= Work task =
Begin your copy at the line with "If space is" in the records below and end it at the line with "صورة Eremophila foliosissima Kränzl.", restating each line word for word; omit the pictures.

= Exercise data =
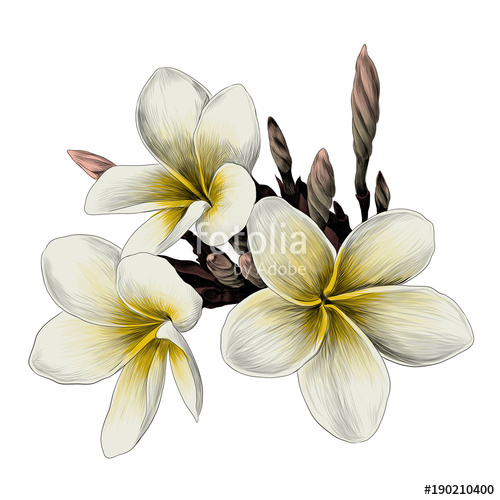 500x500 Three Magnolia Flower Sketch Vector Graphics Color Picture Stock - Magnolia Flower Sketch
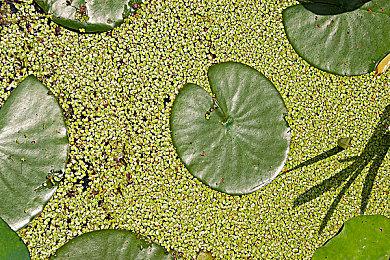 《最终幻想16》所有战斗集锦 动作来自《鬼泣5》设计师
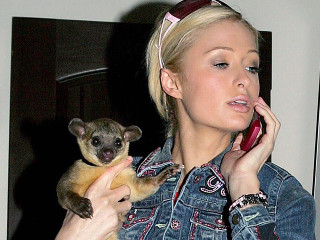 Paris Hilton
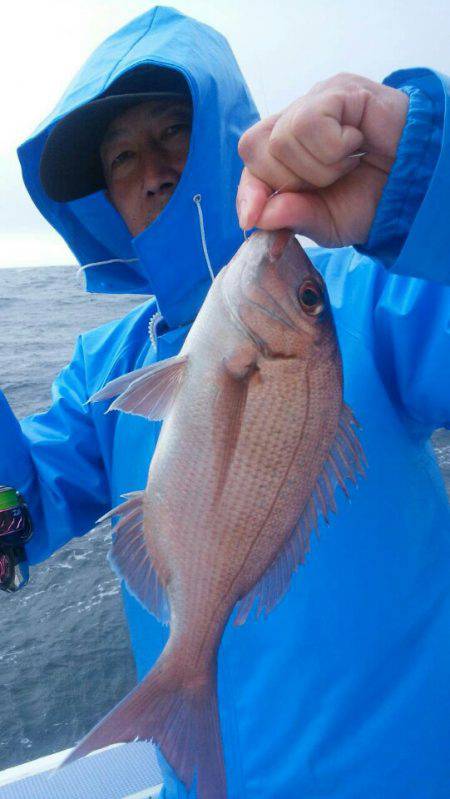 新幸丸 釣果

---

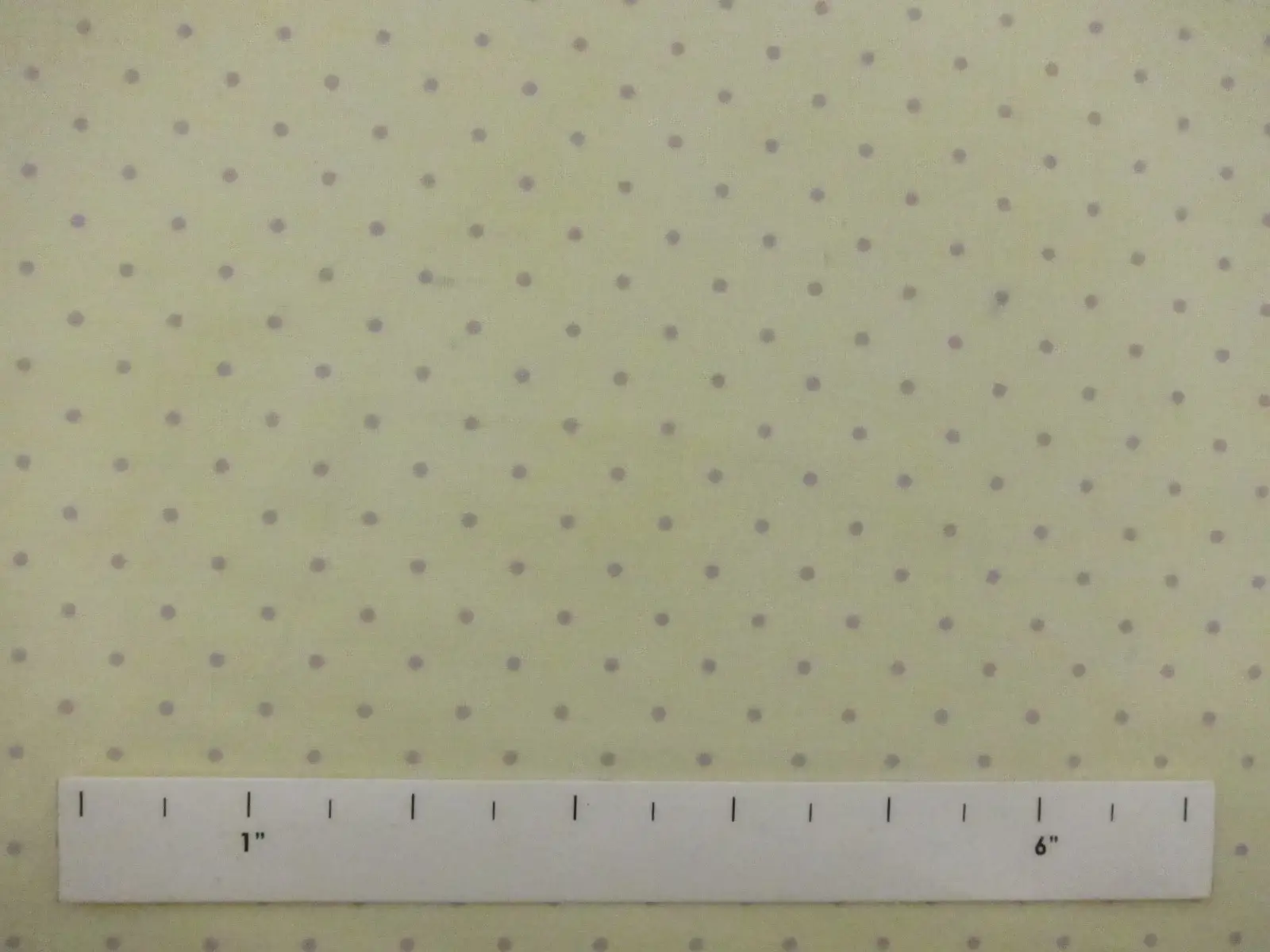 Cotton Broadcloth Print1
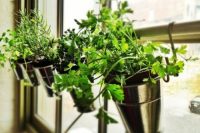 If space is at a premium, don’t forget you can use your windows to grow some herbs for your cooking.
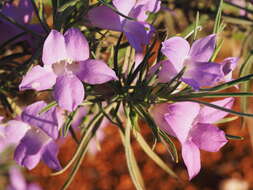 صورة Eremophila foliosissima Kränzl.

= Written solution =
 If space is at a premium, don’t forget you can use your windows to grow some herbs for your cooking.
 صورة Eremophila foliosissima Kränzl.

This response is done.